Mémoire
de saint
Euthyme le Grand
Calendrier julien :
dimanche d’après-fête de la Théophanie.
Synaxe
du saint et illustre prophète, Précurseur et Baptiste Jean
Tropaire
de la Résurrection en ton 1 : Malgré les scellés posés sur le tombeau et les
soldats gardant ton corps immaculé,+ Tu es ressuscité le troisième jour,/
donnant la vie au monde, Dieu sauveur ;// et du haut des cieux les anges te
chantèrent : « Gloire à ta Résurrection, ô Christ,+ gloire à ta royauté,/
gloire à ton œuvre de salut, Seigneur, Ami des hommes ! »//
Epître : Colossiens 3, 4-11 (n. trad.)
Frères,
votre véritable vie est cachée avec le Christ en Dieu. Quand le Christ, notre
vie, sera manifesté, alors vous serez également manifestés avec lui en gloire.
Faites donc mourir tout ce qui est terrestre en vous : débauche, impureté,
passion, convoitise mauvaise, ainsi que l’avarice, qui est une sorte
d’idolâtrie. C’est à cause de cela que vient la colère de Dieu. Vous aussi,
vous erriez dans ces péchés autrefois, quand ils faisaient votre vie.
Maintenant, rejetez vous aussi tout cela : colère, irritation, méchanceté,
blasphème, grossièreté sortie de vos lèvres. Ne vous trompez pas les uns les
autres, car vous vous êtes dévêtus de l’Homme ancien et de ses habitudes, et
vous avez revêtu l’Homme nouveau, qui, dans une connaissance en profondeur, se
renouvelle à l’image de Dieu son créateur. Désormais, il n’y a plus Grecs et
Juifs, circoncis et incirconcis, barbares, Scythes, esclaves ou hommes libres :
mais le Christ est tout et Il est en tous !

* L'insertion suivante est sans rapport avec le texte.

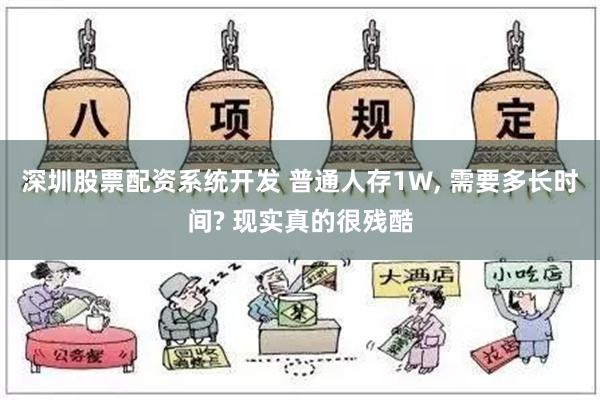 深圳股票配资系统开发 普通人存1W, 需要多长时间? 现实真的很残酷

Evangile : Luc 17, 12-19 (n. trad.)
En
ce temps-là, comme Jésus entrait dans un village, dix hommes lépreux vinrent à
sa rencontre. Se tenant à distance, ils élevèrent la voix, et dirent : « Jésus,
Maître, fais-nous miséricorde! » Jésus les vit et leur dit : « Allez vous
montrer aux prêtres ». Et il advint, pendant qu’ils y allaient, qu’ils furent
purifiés. L’un d’entre eux, voyant qu’il était guéri, revint sur ses pas en
glorifiant Dieu à haute voix. Il se jeta aux pieds de Jésus, le visage contre
terre, et lui rendit grâce. Cet homme était Samaritain. Répondant, Jésus dit
alors : « Les dix n’ont-ils pas été purifiés ? Les neuf, où sont-ils ? Il ne
s’est trouvé, pour revenir rendre gloire à Dieu, que cet étranger ? » Et Jésus lui dit : « Lève-toi ! Va ! Ta foi
t’a sauvé ».
Catéchèse/Homélie :
La lèpre dans la Bible (nèga : « plaie »,
« coup ») est une impureté contagieuse : le lépreux est exclu de
la communauté jusqu’à guérison et purification rituelle (sacrifice pour le
péché, Lv 13-14). «Plaie » dont
Dieu frappe (naga) les
pécheurs : les Egyptiens (Ex 9,
9ss), Myriam (Nb 12, 10-15), Ozias (2 Ch 26, 19-23). Le Serviteur souffrant
en souffre malgré son innocence parce qu’il porte les péchés des hommes (Is 53, 3-12 ; Ps 73, 14). La guérison miraculeuse (Naaman dans le Jourdain, 2 R 5) montre la bienveillance divine et
la puissance prophétique. JC triomphe de la plaie par excellence (Mt 8, 1-4 ; Lc 17, 11-19) et prend sur soi les maux des humains (Mt 8, 17). Il purifie et réintègre dans
la communauté. Il abolit la séparation pur/impur. Les offrandes sont seulement
des attestations (preuves de son respect de la Loi et son pouvoir miraculeux).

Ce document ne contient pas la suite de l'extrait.